Un inventaire de la dangerosité urbaine
Cet état des lieux d’envergure fait suite à des contrôles techniques rigoureux menés dans le cadre de la politique de prévention des risques urbains. Selon les rapports de la CUD, la dégradation de ces infrastructures est imputable à de multiples facteurs :
- Le non-respect chronique des règles d’urbanisme et des normes de construction.
- L’exécution de travaux en l’absence de toute autorisation préalable.
- L’utilisation de matériaux inadaptés ou des modifications non contrôlées sur des structures existantes.
- L’abandon prolongé de certains ouvrages, les exposant à une fragilisation accrue.
Un train de mesures coercitives et graduées
Pour parer à toute catastrophe, le maire de la ville, Roger Mbassa Ndine, a arrêté une série de dispositions strictes adaptées au niveau de dangerosité de chaque site :
- Évacuation immédiate : Les occupants des bâtiments présentant un danger imminent doivent plier bagage sans délai.
- Mesures conservatoires : Apposition de scellés et interdiction formelle d’accès.
- Mise en demeure des propriétaires : Notification des prescriptions de sécurisation et de confortement à réaliser dans des délais stricts.
- Démolition : Recours à la destruction pure et simple pour les ouvrages déclarés irrécupérables ou dont les propriétaires auront ignoré les injonctions administratives.
La municipalité rappelle par ailleurs que tout projet de construction, d’extension, de surélévation ou de réhabilitation doit impérativement obéir aux textes en vigueur et reposer sur des expertises techniques menées par des professionnels qualifiés.

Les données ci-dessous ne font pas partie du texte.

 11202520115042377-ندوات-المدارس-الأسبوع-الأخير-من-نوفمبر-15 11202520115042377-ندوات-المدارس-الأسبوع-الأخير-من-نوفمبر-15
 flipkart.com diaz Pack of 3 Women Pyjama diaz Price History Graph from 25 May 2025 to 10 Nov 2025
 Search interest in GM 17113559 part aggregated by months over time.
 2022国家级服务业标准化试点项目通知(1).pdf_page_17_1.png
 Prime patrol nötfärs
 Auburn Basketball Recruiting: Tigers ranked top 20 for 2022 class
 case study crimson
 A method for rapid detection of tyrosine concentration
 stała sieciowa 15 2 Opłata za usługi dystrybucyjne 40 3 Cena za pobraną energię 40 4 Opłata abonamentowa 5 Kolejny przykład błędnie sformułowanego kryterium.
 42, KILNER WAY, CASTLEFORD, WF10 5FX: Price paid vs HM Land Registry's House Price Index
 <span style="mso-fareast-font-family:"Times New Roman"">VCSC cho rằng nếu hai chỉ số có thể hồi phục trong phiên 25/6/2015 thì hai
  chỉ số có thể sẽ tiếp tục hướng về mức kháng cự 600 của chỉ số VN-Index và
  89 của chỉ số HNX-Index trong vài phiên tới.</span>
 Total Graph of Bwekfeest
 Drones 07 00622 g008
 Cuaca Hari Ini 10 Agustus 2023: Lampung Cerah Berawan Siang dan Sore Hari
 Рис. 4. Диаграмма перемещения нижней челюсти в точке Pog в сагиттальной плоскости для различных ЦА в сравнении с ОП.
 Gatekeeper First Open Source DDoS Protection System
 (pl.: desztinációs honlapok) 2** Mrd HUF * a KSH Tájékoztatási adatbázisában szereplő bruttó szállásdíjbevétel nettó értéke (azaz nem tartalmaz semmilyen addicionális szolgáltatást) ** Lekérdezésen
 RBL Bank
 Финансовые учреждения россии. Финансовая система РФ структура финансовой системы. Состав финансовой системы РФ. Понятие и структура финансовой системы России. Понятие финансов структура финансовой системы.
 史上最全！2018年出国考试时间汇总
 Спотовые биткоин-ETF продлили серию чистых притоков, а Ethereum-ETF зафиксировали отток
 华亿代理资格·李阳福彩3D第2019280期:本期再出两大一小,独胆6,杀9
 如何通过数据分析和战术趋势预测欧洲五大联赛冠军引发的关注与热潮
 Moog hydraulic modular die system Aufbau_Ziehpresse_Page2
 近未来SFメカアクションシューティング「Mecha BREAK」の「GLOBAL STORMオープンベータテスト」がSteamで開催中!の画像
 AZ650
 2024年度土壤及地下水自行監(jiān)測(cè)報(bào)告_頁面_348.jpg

Alors que la ville panse encore les plaies de récents drames meurtriers liés à des effondrements d’immeubles, le super maire appelle à la mobilisation générale. Les promoteurs immobiliers sont renvoyés à leurs responsabilités, tandis que les populations sont invitées à faire preuve de vigilance et à signaler le moindre signe suspect (fissures profondes, affaissements, craquements inhabituels ou déversements anormaux) pour éviter de nouveaux drames dans la cité bénite.